Car, pour l’historienne, la perception de l’esclavage comme un défaut moral plutôt que comme une institution économique ou politique biaise aujourd’hui encore le débat. « On peut tous admettre que l’esclavage, c’est mal, mais peu de personnes se rendent compte à quel point il a renforcé la suprématie blanche. J’ai souvent des étudiants qui me disent que leur famille ne possédait pas d’esclaves. Mais les bénéfices [indirects, NDLR] pour les Blancs demeurent. Il faut qu’on soit capable de discuter non seulement des méfaits de l’esclavage et de la ségrégation, mais aussi des privilèges que confère le fait d’être blanc. »

Un débat autour des réparations

Comme en France, le thème des réparations fait débat. « C’est un sujet tellement compliqué… même les Afro-Américains ne sont pas d’accord entre eux sur ce en quoi devraient consister des réparations : des bourses d’étude, des excuses formelles, un chèque, des mesures de discriminations positives ? », relate l’historienne. Si ce débat est difficile, c’est « parce que les réparations ne concernent pas que l’esclavage mais aussi la ségrégation et ses conséquences ».

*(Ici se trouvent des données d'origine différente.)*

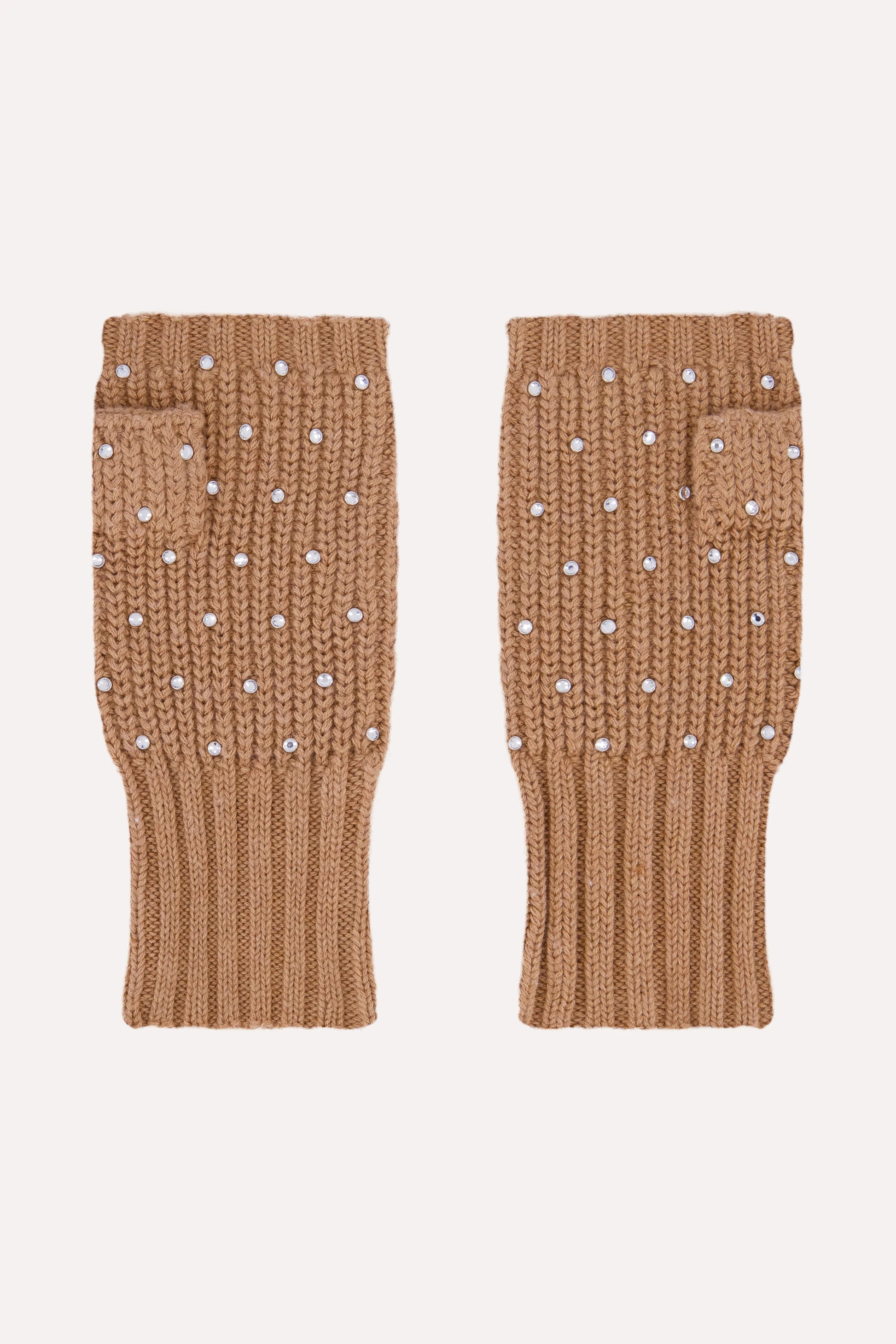 Minnie Rose Cotton Cashmere Rhinestone Fingerless Gloves Camel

Que le Congrès puisse se saisir du débat est un signe positif pour Kellie Carter Jackson. Mais elle déplore le fait que la question soit régulièrement évacuée. Le représentant démocrate du Michigan John Conyers Jr. propose ainsi chaque année depuis 1989 une loi appelant à la mise en place d’une commission pour examiner l’impact de l’esclavage et étudier des propositions de réparation. Elle n’a jamais été adoptée.

Dans le cas de Georgetown, même si « rien ne pourra jamais compenser ce que ces familles ont enduré, les récentes annonces sont importantes car elles constituent une première étape en vue d’une réparation, estime l’historienne. Je ne pense pas que le travail de réparation consiste à cocher une case, c’est un processus en cours visant à ne pas répéter le passé. »

Pour montrer que l’Histoire est toujours en cours, le nouveau musée de la capitale américaine a résisté à la tentation de terminer son exposition avec la présidence de Barack Obama, même si elle lui confère une large place. À la place, c’est le mouvement Black Lives Matter qui est mis en lumière. « Nous voulions être sûrs que les visiteurs ne voient pas le premier président noir comme la fin de l’histoire pour les Afro-américains », a ainsi expliqué l’un des conservateurs du musée au New York Times. Une note de militantisme décidément d’actualité.